People v. Stone

46 Cal. 4th 131, 92 Cal. Rptr. 3d 362, 205 P.3d 272 (2009)

 

RULE:

A person who intends to kill is guilty of the murder of everyone actually killed, whether or not the person intended to kill each one. A person maliciously intending to kill is guilty of the murder of all persons actually killed. But that situation is different concerning attempted murder. The crime of attempt sanctions what the person intended to do but did not accomplish, not unintended and unaccomplished potential consequences. Someone who does not intend to kill a person is not guilty of that person's attempted murder even if the crime would have been murder if the person were killed. To be guilty of attempted murder, the defendant must intend to kill the alleged victim, not someone else. The defendant's mental state must be examined as to each alleged attempted murder victim. Someone who intends to kill only one person and attempts unsuccessfully to do so, is guilty of the attempted murder of the intended victim, but not of others. However, if a person targets one particular person, under some facts a jury can find the person also, concurrently, intended to kill - and thus was guilty of the attempted murder of - other, nontargeted, persons.

FACTS:

The defendant was charged with and convicted of a single count of attempted murder for firing a single shot at a group of 10 people. On appeal, the Court of Appeal reversed the attempted murder conviction, concluding that the trial court prejudicially misinstructed the jury on the intent requirement of attempted murder. The Court of Appeal also found insufficient evidence to support the attempted murder conviction.

ISSUE:

Was there sufficient evidence to support an attempted murder charge?

ANSWER:

Yes

CONCLUSION:

The Court held that a person who shoots into a group of people, intending to kill one of the group, but not knowing or caring which one, can be convicted of attempted murder. The mental state required for attempted murder is the intent to kill a human being, not a particular human being. The trial court erred in giving a modified version of a kill zone instruction.
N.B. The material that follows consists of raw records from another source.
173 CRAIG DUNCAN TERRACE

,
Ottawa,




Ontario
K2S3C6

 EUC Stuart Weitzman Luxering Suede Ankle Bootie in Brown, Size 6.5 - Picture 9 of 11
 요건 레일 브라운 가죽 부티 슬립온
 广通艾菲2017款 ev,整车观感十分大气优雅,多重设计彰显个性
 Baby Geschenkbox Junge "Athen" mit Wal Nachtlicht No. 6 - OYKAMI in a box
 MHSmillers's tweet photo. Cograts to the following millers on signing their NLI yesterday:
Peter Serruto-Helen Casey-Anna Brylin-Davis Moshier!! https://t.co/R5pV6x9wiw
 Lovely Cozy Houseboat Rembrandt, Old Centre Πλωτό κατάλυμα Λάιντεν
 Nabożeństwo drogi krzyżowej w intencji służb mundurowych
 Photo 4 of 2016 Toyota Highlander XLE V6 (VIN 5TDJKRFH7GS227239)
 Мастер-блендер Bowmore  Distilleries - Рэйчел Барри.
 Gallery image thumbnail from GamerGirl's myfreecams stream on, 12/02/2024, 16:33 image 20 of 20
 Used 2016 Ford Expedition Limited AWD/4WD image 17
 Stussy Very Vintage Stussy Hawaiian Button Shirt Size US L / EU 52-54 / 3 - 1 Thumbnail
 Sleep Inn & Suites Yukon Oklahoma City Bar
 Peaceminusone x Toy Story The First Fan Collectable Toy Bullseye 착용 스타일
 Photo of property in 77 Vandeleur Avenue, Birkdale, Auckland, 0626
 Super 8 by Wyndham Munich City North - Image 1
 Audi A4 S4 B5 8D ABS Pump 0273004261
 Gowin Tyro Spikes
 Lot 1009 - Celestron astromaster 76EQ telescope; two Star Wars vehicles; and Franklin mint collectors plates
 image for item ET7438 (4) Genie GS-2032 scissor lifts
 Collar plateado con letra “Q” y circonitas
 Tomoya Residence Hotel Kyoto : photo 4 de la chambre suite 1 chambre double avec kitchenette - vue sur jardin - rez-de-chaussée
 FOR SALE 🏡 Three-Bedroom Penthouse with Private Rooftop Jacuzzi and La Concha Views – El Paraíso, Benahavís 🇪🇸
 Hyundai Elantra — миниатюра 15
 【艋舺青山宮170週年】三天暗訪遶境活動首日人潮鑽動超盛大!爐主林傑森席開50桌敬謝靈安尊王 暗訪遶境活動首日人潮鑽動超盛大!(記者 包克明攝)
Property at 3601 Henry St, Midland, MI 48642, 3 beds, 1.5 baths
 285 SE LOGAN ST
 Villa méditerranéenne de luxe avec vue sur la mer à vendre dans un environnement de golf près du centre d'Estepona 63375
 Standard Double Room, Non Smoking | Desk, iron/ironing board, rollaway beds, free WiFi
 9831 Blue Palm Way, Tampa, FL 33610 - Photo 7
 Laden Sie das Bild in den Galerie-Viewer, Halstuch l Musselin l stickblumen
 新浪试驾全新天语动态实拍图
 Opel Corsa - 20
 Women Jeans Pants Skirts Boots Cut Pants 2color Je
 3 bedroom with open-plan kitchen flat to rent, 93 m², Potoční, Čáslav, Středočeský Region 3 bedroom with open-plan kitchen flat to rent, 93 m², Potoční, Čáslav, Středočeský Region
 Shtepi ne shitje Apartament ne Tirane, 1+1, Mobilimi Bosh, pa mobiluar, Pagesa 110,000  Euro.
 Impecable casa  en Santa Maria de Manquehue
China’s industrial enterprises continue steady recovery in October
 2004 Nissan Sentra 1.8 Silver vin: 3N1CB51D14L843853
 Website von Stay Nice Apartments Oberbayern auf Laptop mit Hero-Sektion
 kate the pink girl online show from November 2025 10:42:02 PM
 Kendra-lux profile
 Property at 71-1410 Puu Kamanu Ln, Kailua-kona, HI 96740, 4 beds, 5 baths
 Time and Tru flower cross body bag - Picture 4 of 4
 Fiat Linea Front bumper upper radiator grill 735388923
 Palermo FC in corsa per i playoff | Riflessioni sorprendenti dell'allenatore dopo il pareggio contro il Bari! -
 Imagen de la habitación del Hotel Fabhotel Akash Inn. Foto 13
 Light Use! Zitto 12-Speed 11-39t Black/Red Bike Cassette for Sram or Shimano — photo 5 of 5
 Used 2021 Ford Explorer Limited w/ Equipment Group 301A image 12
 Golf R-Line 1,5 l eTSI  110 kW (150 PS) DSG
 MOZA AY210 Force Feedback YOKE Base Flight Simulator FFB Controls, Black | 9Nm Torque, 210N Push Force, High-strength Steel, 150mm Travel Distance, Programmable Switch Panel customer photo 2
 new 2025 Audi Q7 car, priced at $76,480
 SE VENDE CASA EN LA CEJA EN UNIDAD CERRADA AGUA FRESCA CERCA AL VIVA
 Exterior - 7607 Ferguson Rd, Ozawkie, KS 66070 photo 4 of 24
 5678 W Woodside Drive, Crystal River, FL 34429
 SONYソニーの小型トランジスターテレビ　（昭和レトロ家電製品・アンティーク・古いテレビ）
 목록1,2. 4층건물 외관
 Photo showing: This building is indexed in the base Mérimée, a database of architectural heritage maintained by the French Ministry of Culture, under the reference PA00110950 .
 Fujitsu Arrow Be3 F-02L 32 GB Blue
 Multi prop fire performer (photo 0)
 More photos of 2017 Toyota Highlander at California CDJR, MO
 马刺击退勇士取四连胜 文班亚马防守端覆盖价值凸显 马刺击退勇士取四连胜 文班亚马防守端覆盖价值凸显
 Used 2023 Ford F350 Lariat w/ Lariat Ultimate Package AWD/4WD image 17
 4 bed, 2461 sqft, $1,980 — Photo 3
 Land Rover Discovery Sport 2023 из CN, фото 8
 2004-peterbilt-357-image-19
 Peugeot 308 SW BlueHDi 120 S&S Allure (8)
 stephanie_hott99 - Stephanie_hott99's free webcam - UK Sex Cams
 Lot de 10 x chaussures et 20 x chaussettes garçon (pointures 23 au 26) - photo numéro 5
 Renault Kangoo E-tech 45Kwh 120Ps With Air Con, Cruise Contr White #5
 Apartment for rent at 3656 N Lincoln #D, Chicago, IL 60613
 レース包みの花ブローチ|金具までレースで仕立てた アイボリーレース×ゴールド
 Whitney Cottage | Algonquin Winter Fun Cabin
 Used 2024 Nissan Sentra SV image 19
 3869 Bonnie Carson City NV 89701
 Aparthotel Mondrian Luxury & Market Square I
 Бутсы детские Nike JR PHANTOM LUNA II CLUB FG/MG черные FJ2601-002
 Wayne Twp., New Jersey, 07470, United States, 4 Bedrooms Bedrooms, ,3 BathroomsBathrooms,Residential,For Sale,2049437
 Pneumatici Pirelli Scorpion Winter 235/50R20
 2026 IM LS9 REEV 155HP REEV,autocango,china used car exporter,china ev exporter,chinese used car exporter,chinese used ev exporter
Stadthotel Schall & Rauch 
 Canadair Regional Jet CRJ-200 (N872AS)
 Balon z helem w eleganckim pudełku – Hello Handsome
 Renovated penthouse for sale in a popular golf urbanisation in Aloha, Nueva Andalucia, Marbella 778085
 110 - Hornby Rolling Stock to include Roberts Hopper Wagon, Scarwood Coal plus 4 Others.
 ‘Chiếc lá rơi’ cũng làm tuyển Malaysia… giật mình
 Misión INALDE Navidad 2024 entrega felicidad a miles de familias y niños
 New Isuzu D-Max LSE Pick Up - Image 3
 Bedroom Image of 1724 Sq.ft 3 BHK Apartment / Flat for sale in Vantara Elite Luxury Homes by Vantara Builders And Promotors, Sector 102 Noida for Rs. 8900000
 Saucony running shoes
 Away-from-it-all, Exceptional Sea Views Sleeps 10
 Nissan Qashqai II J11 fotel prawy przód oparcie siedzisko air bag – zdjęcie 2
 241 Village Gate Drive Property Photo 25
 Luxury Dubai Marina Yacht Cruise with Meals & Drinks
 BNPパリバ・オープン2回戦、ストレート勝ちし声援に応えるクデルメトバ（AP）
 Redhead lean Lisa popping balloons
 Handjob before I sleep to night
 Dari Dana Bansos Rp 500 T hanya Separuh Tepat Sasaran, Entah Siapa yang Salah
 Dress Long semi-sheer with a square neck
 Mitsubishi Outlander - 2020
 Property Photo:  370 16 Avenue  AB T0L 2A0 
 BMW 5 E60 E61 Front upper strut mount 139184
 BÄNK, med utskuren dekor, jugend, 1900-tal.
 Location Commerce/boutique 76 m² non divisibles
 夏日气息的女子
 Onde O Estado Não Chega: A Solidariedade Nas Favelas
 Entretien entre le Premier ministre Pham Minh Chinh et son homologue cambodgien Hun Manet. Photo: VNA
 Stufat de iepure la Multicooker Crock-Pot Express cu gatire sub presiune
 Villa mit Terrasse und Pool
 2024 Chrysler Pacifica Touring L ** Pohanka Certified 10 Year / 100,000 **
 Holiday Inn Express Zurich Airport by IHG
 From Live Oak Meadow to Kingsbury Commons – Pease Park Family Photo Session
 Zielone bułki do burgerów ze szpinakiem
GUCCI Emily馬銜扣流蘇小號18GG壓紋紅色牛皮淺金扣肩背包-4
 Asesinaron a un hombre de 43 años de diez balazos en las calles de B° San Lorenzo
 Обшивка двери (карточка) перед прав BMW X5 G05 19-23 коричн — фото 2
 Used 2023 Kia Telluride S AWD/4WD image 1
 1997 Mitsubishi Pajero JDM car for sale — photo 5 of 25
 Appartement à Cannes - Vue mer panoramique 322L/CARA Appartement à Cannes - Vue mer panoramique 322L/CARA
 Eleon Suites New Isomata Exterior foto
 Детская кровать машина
The kill zone theory did not fit the charge or facts of this case. Defendant was not charged with 10 attempted murders, one for each member of the group at which he shot. He was charged only with the attempted murder of a named victim and not with the attempted murder of others in the group at which he fired his gun. The information specifically alleged that defendant intended to kill a particular victim. This allegation was problematic given that the prosecution ultimately could not prove that defendant targeted a specific person. In a case like this, the information did not necessarily have to name a specific victim. For example, it would have been sufficient to allege that defendant committed attempted murder in that he attempted to murder a member of a group of persons who were gathered together. Such a charge would have provided defendant adequate notice of the offense of which he was accused.